AuthorEditorial Team
Published
March 17, 2026/02:10 AM
Section
City
Why Carlsbad’s McClellan-Palomar Airport appears on the FAA national hot spots list for runway-surface safety
Source: Wikimedia Commons / Author: Pink Floyd Fan 101

McClellan-Palomar is listed for specific ground-movement risk areas, not as a ranking of overall airport safety

McClellan-Palomar Airport in Carlsbad, operated by San Diego County, appears on a federal aviation “hot spots” list that flags specific locations on an airport’s movement area where the risk of surface conflict is elevated. The designation is tied to defined points—typically intersections of runways and taxiways—where pilots and vehicle drivers are expected to apply heightened vigilance.

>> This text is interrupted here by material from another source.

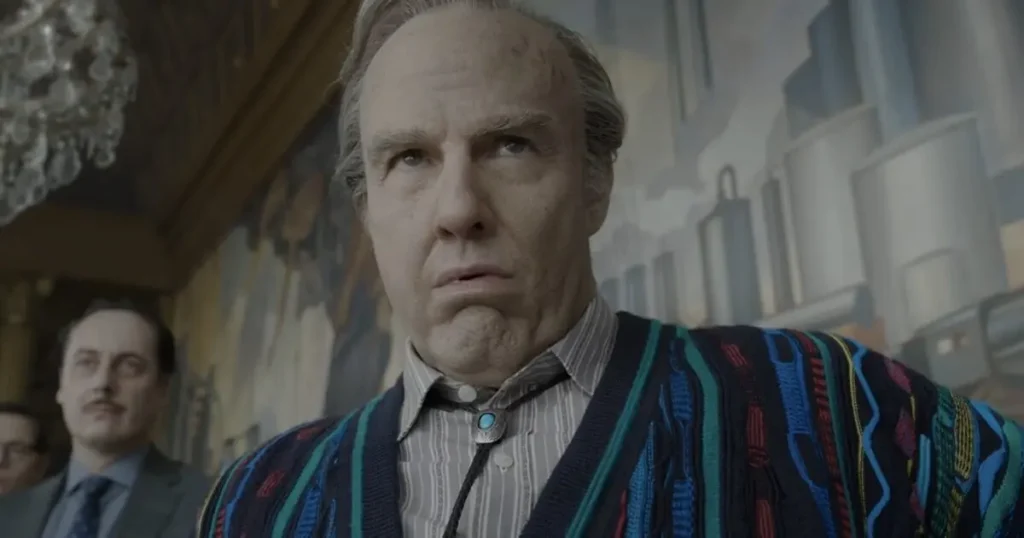 The image depicts a man in a colorful striped sweater and a bow tie, standing in a room with a chandelier and a mural in the background.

In federal charting, a “hot spot” is defined as a location on an airport movement area with a history of, or potential for, collision risk or runway incursions. These areas are depicted on official airport diagrams with numbered identifiers (such as HS 1 or HS 2) and are accompanied by short descriptions intended to support preflight briefings and real-time situational awareness during taxi, takeoff, and landing operations.

Two hot spots are identified at McClellan-Palomar, each describing a different operational hazard

McClellan-Palomar’s listing includes two hot spots, each tied to a particular risk type:

  • HS 1: Large jets may obscure the control tower’s visibility of smaller aircraft.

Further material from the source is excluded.